The ‘bad guys’ of this book aren’t really sympathetic. There’s the truly eviiiil (Flagg), bad guy but has sympathetic moments (Lloyd), and the general population of Las Vegas who may or may not be entirely all bad, but they sided with Flagg, so obviously there’s no hope of redeeming them. (Which in the one case gets really sad and depressing.) If there is one truly sympathetic villain in the whole book, from the moment he’s introduced, I’d say it’s Don Elbert aka “Trashcan Man.”

It’d be easy to paint Trash as ripe for playing into Flagg’s hands as he’s a pyromaniac and somewhat destruction-happy—but I read his backstory, and I’m not surprised that he’s messed-up. His father gets drunk and kills two other men and Trash’s older brother and sister before being gunned down on the steps of the local Methodist Church by the Sheriff. A year later, the six-year-old Trash starts lighting fires in trashcans. (Hence the name.) Then the same Sheriff Greeley finds out who it is, and starts dating his mother. And after the Sheriff becomes Trash’s new stepfather, Trash takes to lighting up people’s mailboxes. Eventually, Trash lights up an abandoned house, and that’s the act that gets him sent to Terre Haute and submitted to electro-shock therapy.

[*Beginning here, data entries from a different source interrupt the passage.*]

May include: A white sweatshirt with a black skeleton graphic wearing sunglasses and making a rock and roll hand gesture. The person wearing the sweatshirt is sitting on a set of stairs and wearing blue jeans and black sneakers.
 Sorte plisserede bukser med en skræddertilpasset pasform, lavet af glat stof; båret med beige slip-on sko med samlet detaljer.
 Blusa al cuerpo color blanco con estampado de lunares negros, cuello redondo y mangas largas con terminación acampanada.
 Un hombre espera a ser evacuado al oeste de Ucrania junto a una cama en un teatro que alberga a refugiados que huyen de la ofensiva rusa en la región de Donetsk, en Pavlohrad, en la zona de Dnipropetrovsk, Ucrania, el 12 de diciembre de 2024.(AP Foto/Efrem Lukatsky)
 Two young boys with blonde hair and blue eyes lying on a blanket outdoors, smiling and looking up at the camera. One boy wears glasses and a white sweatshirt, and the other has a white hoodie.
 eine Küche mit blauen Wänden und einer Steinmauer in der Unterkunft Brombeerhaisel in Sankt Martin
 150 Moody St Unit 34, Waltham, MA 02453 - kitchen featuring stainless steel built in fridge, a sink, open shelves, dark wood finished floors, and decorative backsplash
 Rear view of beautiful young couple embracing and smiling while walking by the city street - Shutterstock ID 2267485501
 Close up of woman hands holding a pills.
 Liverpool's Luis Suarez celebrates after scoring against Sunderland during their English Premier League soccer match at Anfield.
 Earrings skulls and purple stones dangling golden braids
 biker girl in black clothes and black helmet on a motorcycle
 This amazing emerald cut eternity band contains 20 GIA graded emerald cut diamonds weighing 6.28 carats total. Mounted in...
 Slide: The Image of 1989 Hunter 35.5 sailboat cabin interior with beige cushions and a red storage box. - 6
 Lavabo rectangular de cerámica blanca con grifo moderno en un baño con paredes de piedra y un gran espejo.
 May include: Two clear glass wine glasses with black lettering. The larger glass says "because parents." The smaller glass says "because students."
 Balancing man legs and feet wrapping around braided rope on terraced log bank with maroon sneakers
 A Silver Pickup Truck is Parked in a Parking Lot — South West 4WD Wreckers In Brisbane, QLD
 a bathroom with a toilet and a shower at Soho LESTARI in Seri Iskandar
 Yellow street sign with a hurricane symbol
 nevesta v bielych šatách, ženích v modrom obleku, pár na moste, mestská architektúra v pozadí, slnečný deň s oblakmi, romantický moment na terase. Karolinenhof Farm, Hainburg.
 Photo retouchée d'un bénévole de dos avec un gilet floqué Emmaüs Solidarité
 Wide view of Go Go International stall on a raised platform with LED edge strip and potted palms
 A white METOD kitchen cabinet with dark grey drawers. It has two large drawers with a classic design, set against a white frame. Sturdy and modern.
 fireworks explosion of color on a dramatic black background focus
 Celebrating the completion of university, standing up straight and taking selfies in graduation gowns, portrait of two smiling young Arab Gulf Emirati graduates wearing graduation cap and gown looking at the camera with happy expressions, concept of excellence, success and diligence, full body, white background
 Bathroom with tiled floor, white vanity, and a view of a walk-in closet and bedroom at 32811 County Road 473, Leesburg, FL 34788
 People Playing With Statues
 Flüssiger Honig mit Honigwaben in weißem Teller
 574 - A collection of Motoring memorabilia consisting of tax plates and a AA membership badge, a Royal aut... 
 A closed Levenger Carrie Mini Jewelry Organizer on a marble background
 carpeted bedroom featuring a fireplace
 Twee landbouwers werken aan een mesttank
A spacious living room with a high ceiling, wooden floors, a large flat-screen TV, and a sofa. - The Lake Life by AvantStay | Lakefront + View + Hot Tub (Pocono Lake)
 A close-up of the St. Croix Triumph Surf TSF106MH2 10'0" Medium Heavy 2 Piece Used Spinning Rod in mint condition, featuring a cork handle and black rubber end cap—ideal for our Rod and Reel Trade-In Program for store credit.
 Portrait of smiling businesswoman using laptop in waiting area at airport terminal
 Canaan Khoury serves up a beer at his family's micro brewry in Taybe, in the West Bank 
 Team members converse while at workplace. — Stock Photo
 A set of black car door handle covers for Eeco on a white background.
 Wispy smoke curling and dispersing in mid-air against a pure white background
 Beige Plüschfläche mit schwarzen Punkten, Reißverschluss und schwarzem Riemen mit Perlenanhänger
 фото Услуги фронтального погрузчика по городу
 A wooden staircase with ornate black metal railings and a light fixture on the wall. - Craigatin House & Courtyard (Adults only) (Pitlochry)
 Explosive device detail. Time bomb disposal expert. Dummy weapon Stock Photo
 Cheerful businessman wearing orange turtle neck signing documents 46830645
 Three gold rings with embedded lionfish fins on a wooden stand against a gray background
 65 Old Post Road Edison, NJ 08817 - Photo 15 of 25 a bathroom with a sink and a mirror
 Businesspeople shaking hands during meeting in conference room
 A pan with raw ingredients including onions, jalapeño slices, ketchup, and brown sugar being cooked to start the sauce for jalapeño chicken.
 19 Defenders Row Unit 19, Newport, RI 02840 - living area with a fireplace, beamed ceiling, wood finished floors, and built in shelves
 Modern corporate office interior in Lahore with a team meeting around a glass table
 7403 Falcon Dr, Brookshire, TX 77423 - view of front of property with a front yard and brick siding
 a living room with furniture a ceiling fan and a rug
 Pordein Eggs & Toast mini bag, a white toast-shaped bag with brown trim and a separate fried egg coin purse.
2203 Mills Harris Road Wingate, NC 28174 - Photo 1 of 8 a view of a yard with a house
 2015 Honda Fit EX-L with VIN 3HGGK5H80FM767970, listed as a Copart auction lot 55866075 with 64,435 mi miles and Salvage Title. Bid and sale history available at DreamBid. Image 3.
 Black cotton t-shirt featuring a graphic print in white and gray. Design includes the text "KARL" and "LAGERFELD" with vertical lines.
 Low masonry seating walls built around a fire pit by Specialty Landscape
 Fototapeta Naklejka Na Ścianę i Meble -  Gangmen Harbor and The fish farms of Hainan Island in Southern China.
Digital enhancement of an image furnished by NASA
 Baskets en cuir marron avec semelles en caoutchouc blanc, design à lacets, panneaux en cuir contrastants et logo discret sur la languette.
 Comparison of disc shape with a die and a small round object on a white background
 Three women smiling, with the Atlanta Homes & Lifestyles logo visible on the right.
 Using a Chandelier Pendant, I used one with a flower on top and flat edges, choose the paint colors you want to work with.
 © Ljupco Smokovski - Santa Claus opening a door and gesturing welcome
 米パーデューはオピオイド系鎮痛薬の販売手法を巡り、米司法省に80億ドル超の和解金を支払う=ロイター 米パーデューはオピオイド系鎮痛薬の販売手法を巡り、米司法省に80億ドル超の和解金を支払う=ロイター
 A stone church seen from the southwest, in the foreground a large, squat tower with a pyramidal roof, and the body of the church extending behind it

Yeah. Tell me you’re surprised that he cracked.

I do really feel bad for Trash, that he’s stuck in a situation that he has no hope of getting out of. When we first meet him in this chapter, he’s just escaped from prison and haunted by the ghosts of all of his tormentors. And the only way he feels like he can exorcise all of these old demons is to not only burn his hometown down, but the whole country.

I know what Trash’s ultimate role in this book is, but I still can’t help but feel sorry for him.

(Actually I was writing here and thinking, it just finally hit me—if you were to keep making the Lord of the Rings comparisons to The Stand, Trashcan is essentially Gollum. Holy crap, I’ve been reading both books for roughly the same amount of time and the parallel JUST hit me.)